*** Opening of DATA EXCERPTS ***

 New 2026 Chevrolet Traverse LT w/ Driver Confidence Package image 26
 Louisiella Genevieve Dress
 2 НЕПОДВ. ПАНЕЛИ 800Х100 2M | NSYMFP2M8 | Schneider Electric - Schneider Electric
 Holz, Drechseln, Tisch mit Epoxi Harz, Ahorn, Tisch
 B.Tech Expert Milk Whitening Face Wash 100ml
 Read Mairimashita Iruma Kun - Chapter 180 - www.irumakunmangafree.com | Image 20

*** Close of DATA EXCERPTS ***
*** Opening of DATA EXCERPTS ***

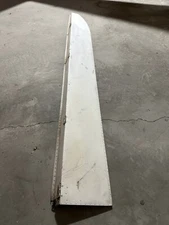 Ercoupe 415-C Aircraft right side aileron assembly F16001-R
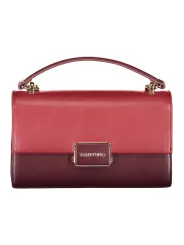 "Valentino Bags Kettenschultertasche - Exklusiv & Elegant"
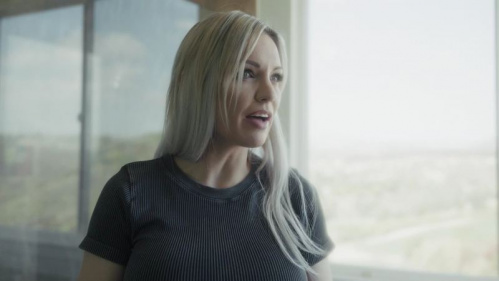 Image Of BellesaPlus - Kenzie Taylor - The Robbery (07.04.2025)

*** Close of DATA EXCERPTS ***

▸ **EXERCISE DIRECTIONS**: Would you copy out exactly the lines above that start at the one containing "New 2026 Chevrolet" and end at the one containing "Read Mairimashita Iruma", inclusive?

▸ **SOLUTION FOR THIS EXERCISE**:
 New 2026 Chevrolet Traverse LT w/ Driver Confidence Package image 26
 Louisiella Genevieve Dress
 2 НЕПОДВ. ПАНЕЛИ 800Х100 2M | NSYMFP2M8 | Schneider Electric - Schneider Electric
 Holz, Drechseln, Tisch mit Epoxi Harz, Ahorn, Tisch
 B.Tech Expert Milk Whitening Face Wash 100ml
 Read Mairimashita Iruma Kun - Chapter 180 - www.irumakunmangafree.com | Image 20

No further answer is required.